To further test whether there is a nonlinear relationship between ΔLDH and hazard risk ratio, the shape between the two was assessed by restrictive third spline plotting smoothed graphs. In the next step, the recursive method of maximum model likelihood was applied to draw a smooth curve and determine the inflection point. At the same time, the Cox proportional hazard regression model was applied to analyze and estimate the threshold effect of ΔLDH on OS. In addition, single linear regressions were contrasted using the log-likelihood ratio test, and log-likelihood ratios of < 0.05 were considered to have segmental effects. We used statistical software packages R (http://www.R-project.org, The R Foundation), EmpowerStats and SPSS23.0 for data analysis.

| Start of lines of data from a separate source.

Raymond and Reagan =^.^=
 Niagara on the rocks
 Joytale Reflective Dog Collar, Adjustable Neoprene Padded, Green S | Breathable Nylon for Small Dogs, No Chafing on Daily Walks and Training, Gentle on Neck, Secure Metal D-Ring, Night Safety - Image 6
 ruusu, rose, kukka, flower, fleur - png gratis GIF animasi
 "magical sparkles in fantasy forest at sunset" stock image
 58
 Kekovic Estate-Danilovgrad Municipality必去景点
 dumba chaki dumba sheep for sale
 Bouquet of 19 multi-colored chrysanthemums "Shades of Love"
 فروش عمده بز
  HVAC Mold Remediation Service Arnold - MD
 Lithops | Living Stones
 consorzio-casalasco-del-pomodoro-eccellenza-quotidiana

The second follow-up inquiry of patients and their baseline characteristics
The retrospective study initially selected 979 consecutive patients enrolled in the SYSUCC study between January 2007 and May 2012, with 749 patients were finally selected for analysis, nearly half of whom had a history of prior hepatitis B virus (HBV) infection (343/749, 45.8%). As of May 2012, the death toll was 404 (58.8%). The median follow-up time was approximately 16.6 months (range 0.1–112.4), and the median follow-up interval was 2.0 months (range 0.4–8.0). Overall, 120 patients had new progress after TACE. Among them, 36 had lymph node metastasis, 66 had distant metastasis, 59 had vascular invasion, and 74 had ascites.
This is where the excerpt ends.